Se dissidentes contestam o seu programa, anunciando a superioridade de outro ídolo coletivista, sua única resposta é repetir muitas vezes: nós estamos certos porque uma voz interior nos diz que nós estamos certos e vocês estão errados.

Os conflitos entre coletivistas de seitas ou credos antagônicos não podem ser resolvidos pela discussão racional. Só podem ser resolvidos pelo recurso à força das armas. As alternativas aos princípios liberais e democráticos do governo da maioria são os princípios militares do conflito armado e da opressão ditatorial.

Todas as variantes de credos coletivistas estão unidas na sua implacável hostilidade às instituições políticas fundamentais do sistema liberal: governo da maioria, tolerância para com as opiniões divergentes, liberdade de pensamento, de expressão e de imprensa, igualdade de todos perante a lei.

Essa união dos credos coletivistas nas suas tentativas de destruir a liberdade deu origem à suposição equivocada de a controvérsia política atual ser entre individualismo e coletivismo. Na verdade, é uma luta entre o individualismo de um lado e uma variedade de seitas coletivistas do outro. E o ódio e hostilidade mútuos entre essas seitas são ainda mais ferozes se comparada à sua aversão ao sistema liberal.

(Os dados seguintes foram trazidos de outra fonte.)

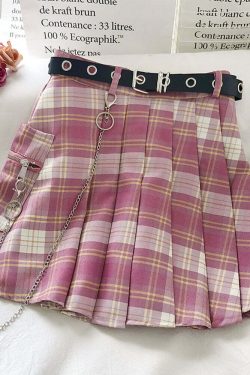 Pink Plaid Pleated Skirt with Belt - Y2K Summer Grunge, 90s Retro, Pastel Goth, Y2K Party
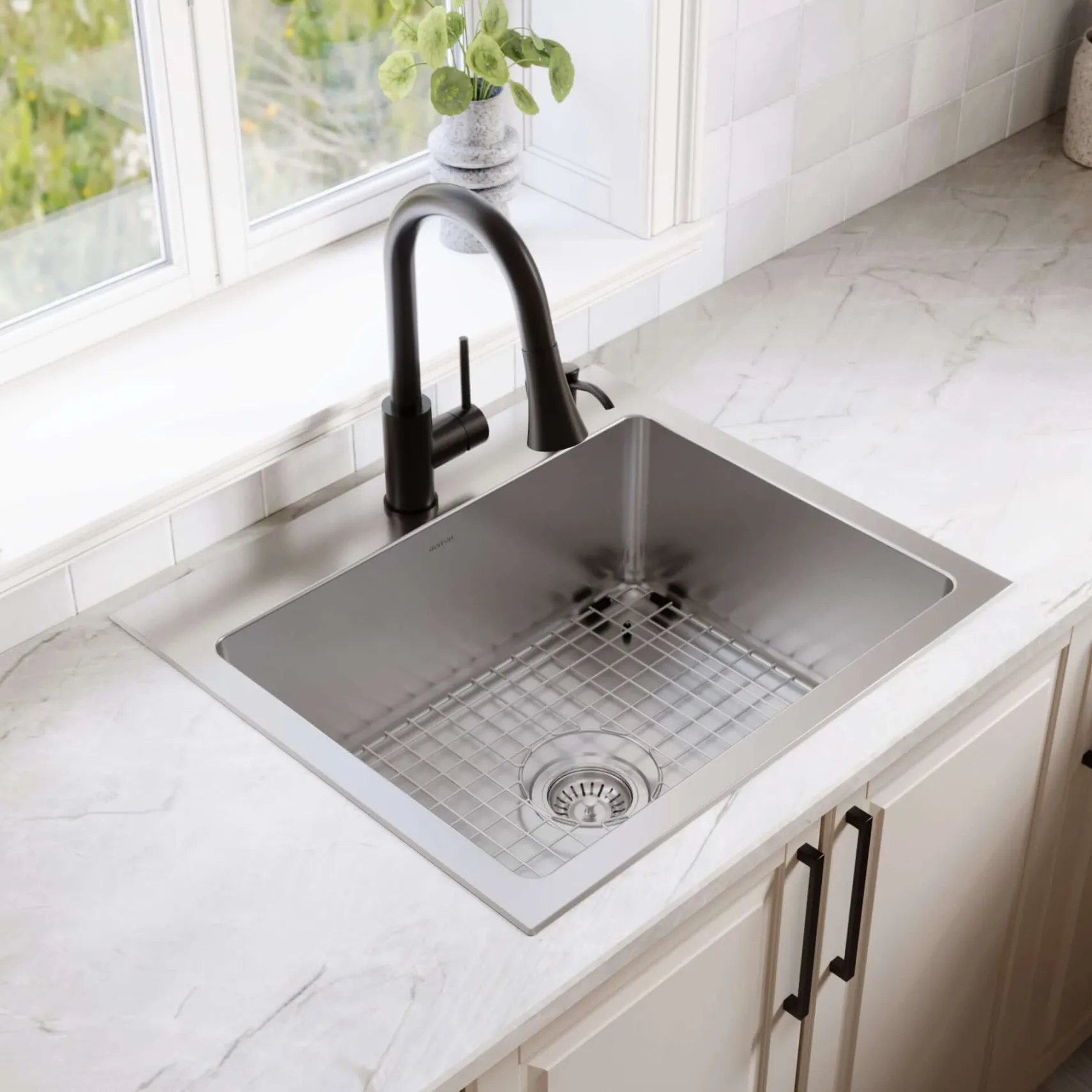 Karran Lansen 25" Drop In Stainless Steel Kitchen Sink, 18 Gauge, TMSB2511-PK1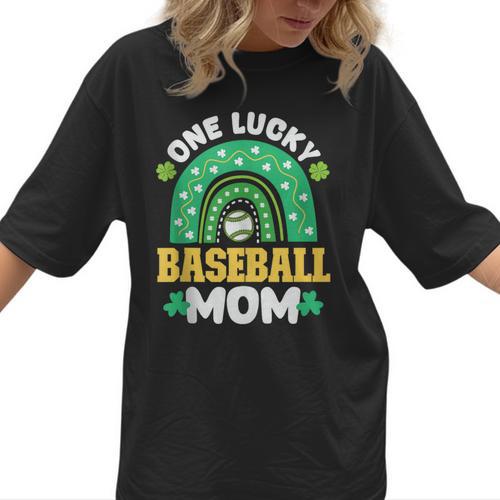 One Lucky Baseball Mom St Patricks Day Rainbow Mother Mama Women T-Shirt - Sportilla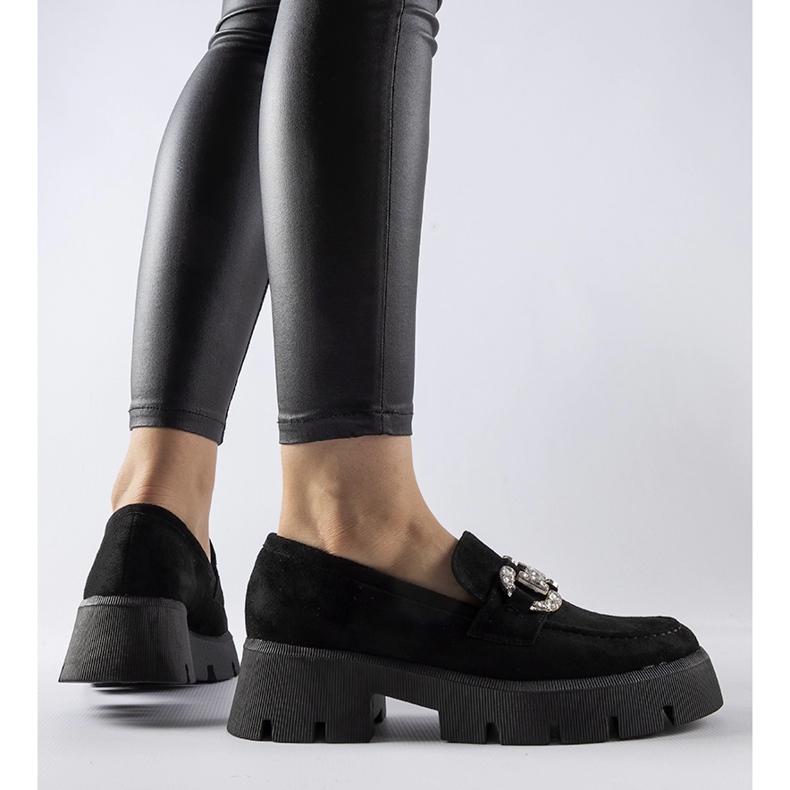 Mocasines Giacomo negros con pedrería 1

Não é uma seita marxista uniforme a atacar o capitalismo, mas um bando de grupos marxistas. Esses grupos – por exemplo, stalinistas, trotskistas, mencheviques, seguidores da II Internacional, entre outros – lutam uns contra os outros de forma desumana e brutal.

Ademais, existem muitas outras seitas não marxistas aplicando os mesmos métodos atrozes nas suas lutas internas. Se o coletivismo vier a substituir o liberalismo, o resultado será uma luta sangrenta e interminável.”

[Ora, ora, Ludwig von Mises não aceita, de maneira apriorística, a existência de uma esquerda democrática. E tampouco vê os conflitos abertos entre os adeptos da extrema-direita. Ou dá “saltos na tumba” quando toma conhecimento das alianças conflitivas de seus adeptos na política brasileira. Os adjetivos distribuídos por ele podem ser “iguais e contrários”.]